(Short descriptive text snippets)
*** Begin section ***
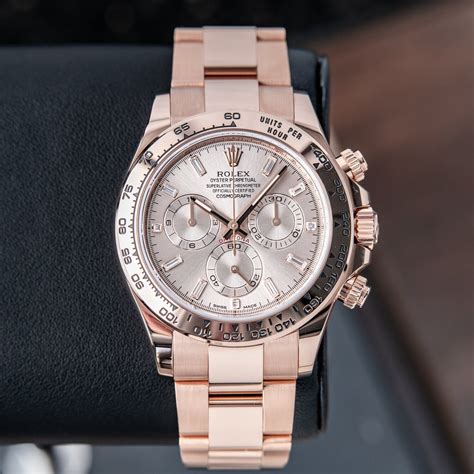 rolex cosmograph daytona rose gold leather strap price|rolex daytona white gold oysterflex.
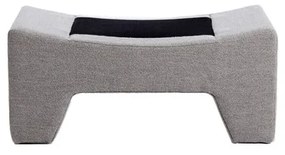 Светлосива табуретка Dasha – Light &amp; Living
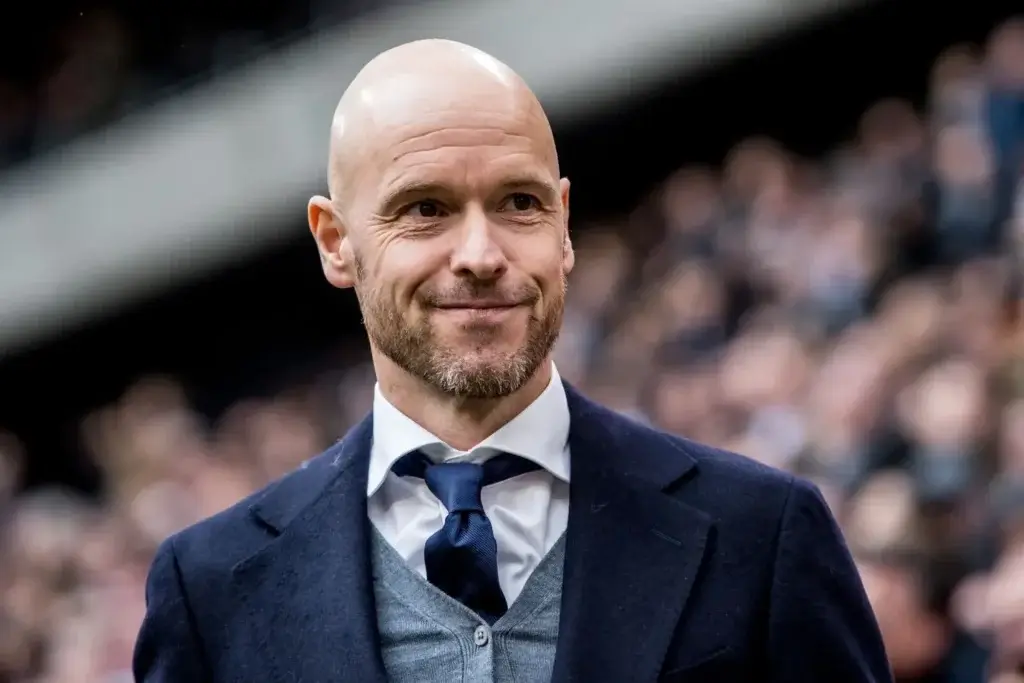 Erik ten Hag, Trainer von Bayer 04 Leverkusen, im Stadion
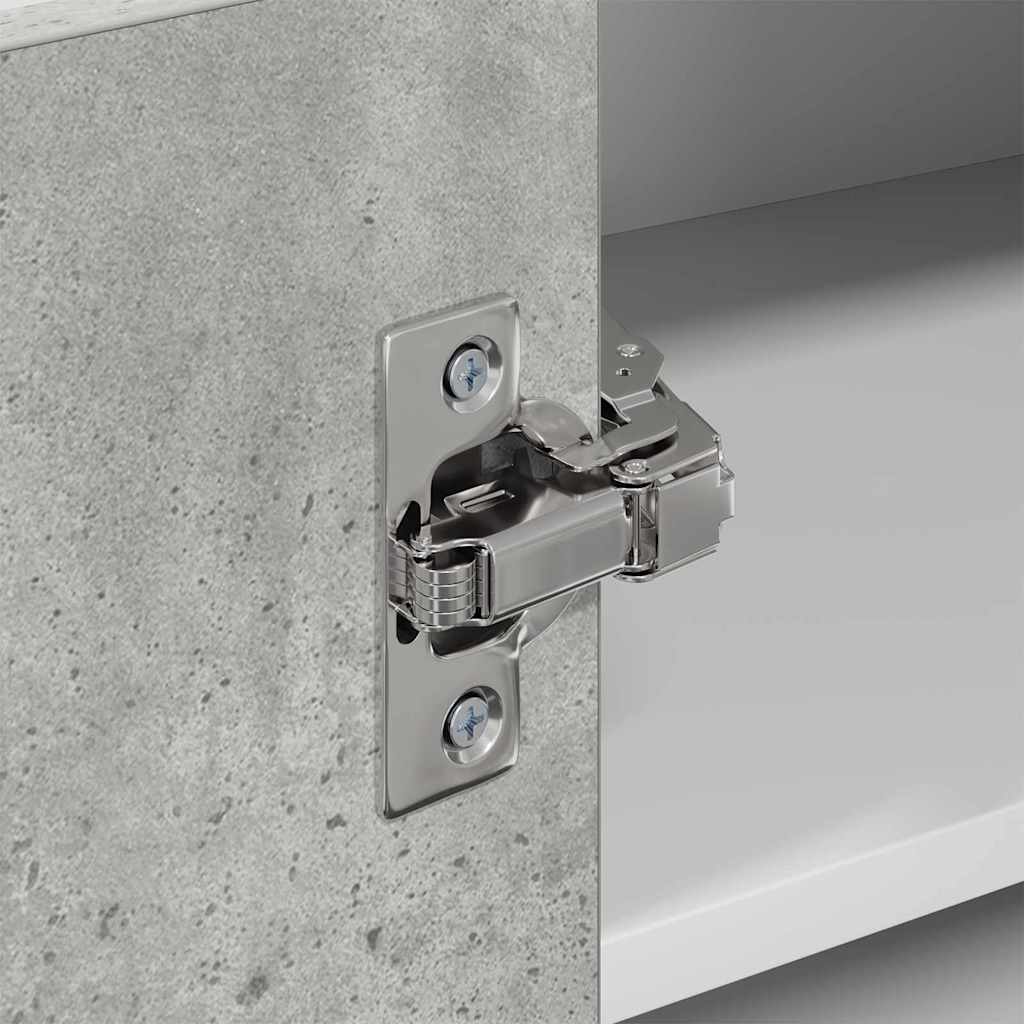 Hanging Cabinet Riga Concrete Grey and White 57 x 57 x 40 cm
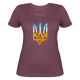Женская футболка бордовая с тризубом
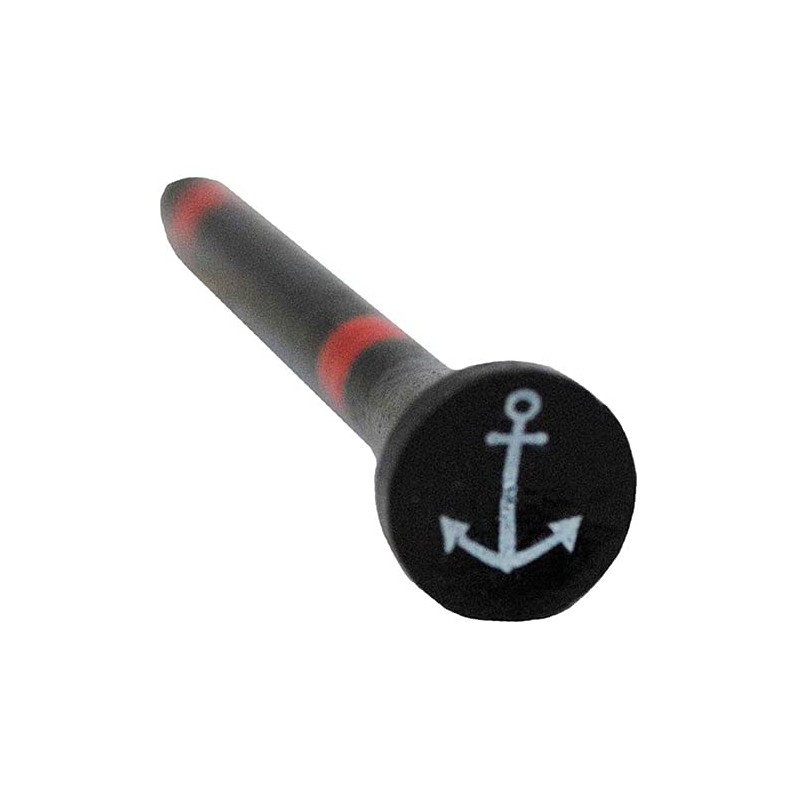 REZAX PETE-1751 Golf Tee, Popeye Canned Wood Tee, Black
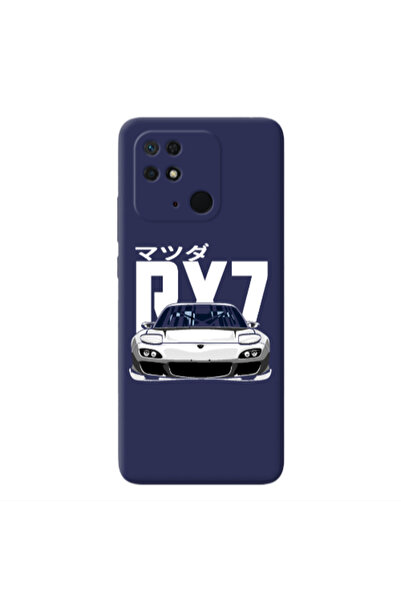 Other Xiaomi Redmi 10C Car Rx7 Dark blue Colored Silicone TPU Θήκη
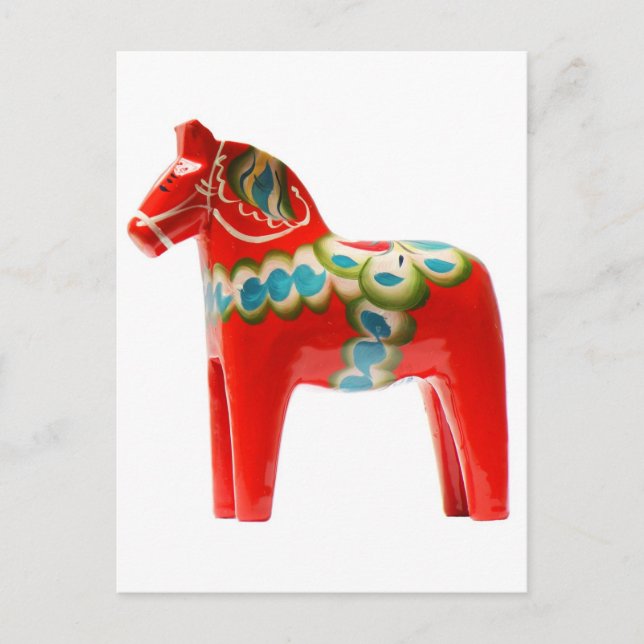 Sweden Dala Horse Postcard (Front)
*** End section ***
* _Directions_
Take the line that contains "REZAX PETE-1751 Golf" and every line after it down to the last line of the entries above, and output them exactly, with nothing else and no pictures.

* _Expected answer_
 REZAX PETE-1751 Golf Tee, Popeye Canned Wood Tee, Black
 Other Xiaomi Redmi 10C Car Rx7 Dark blue Colored Silicone TPU Θήκη
 Sweden Dala Horse Postcard (Front)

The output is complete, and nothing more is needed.